From a distance, the drawing above may look like a fairly normal pen-and-ink drawing. Look closer, and things shift; every detail of the larger drawing contains another, smaller illustration.
"The idea of drawing in small details came to me long time ago," the artist, Davit Yukhanyan, told The Huffington Post in an email. "As a child I was sure that we and our whole planet are only small details of a huge image, but we also consist in ourselves these small details."
An architect by trade, Yukhanyan actually began working on these artworks as he was beginning his architectural training in 2006. "I started to do sketches on various themes, a lot of sketches," he remembered. In 2012, he finally composed his first full piece, "And When You Lose Control." A lushly rendered ibex, with an octopus clinging to its back, stands against a pale, distant line of mountains; up close, smirking large-beaked birds, curled-up infants, and human-headed cows sprout from the lines of shading.
His second completed work, "Isolated Winner," places the uncanny center stage: A pudgy male figure, with the head and claw of a lobster, relaxes on a block.
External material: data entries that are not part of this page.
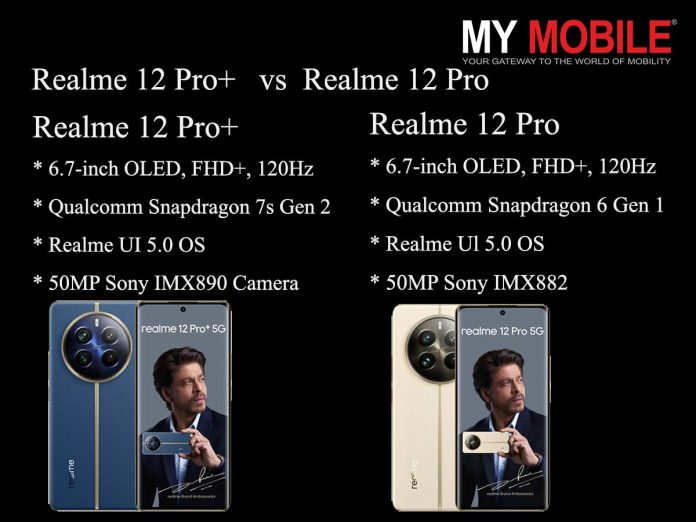 Realme 12 Pro+ vs Realme 12 Pro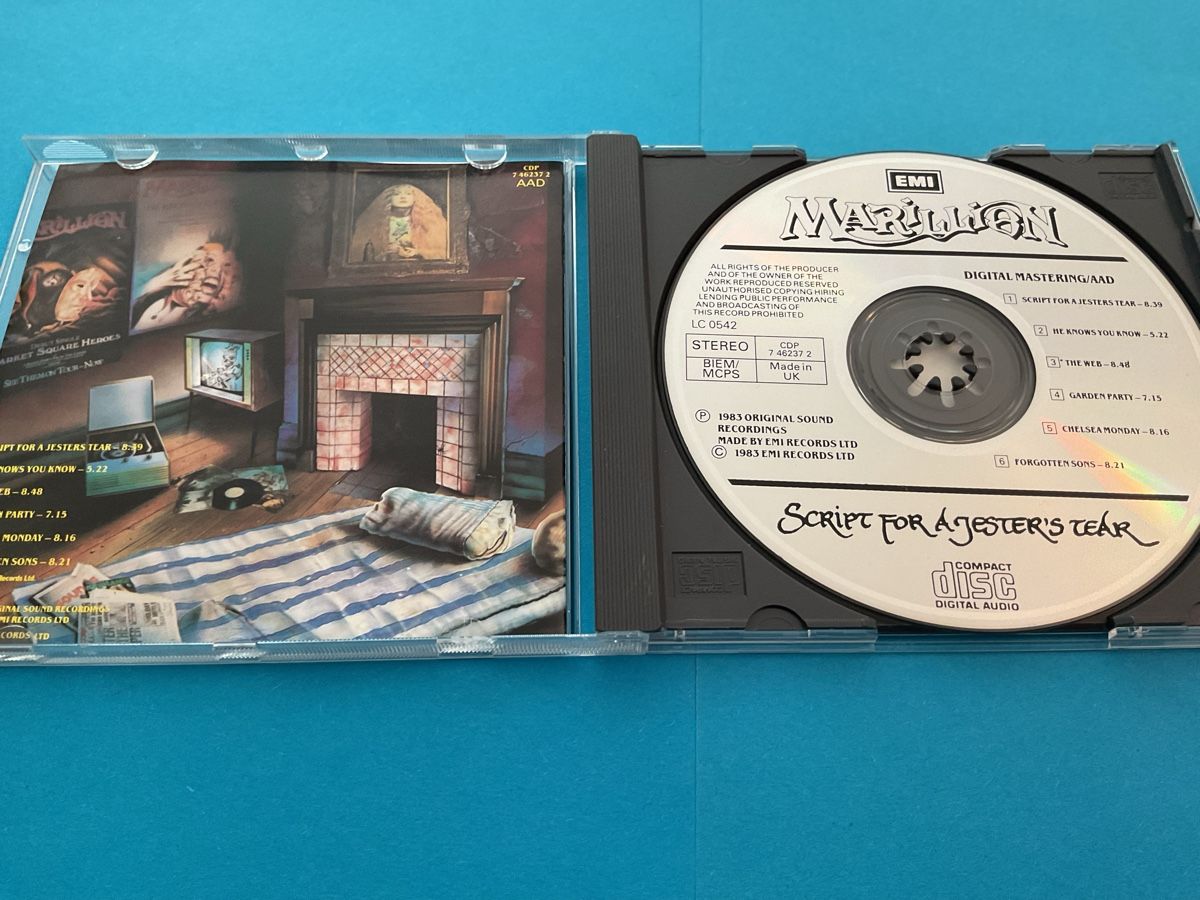 CD: Marillion Script for a Jester's Tear CD 1987 UK – Usato da Steinach venduto da Quarkie 1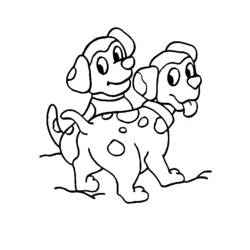 Dibujo para colorear: Perro (Animales) #3112 - Dibujos para Colorear e Imprimir Gratis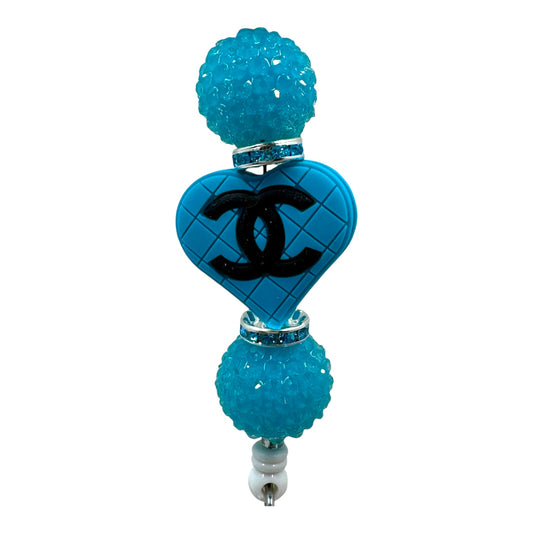 The CC Turquoise Jelly Sparkle Without Badge Plate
The spatial awareness necessary for his architectural work informs these nested drawings, Yukhanyan said. "My architectural experience helps me to quickly orient and to draw exactly what is needed in the smallest paper sector to make the drawing entire," he wrote. "The architect must know how to place a building in the specific space in a manner that it'll get merged with other buildings."
He's currently at work on a third piece, which he described as "a spatial composition." He doesn't expect it to be ready until next year, but his Instagram shows tantalizing glimpses of the work in progress. "At first I'm doing some sketches which I publish on my Instagram page, later on I use them in my 'entire character,'" he explained.
See some more details below. For more from Yukhanyan, check out his Behance, his Etsy, or his Instagram.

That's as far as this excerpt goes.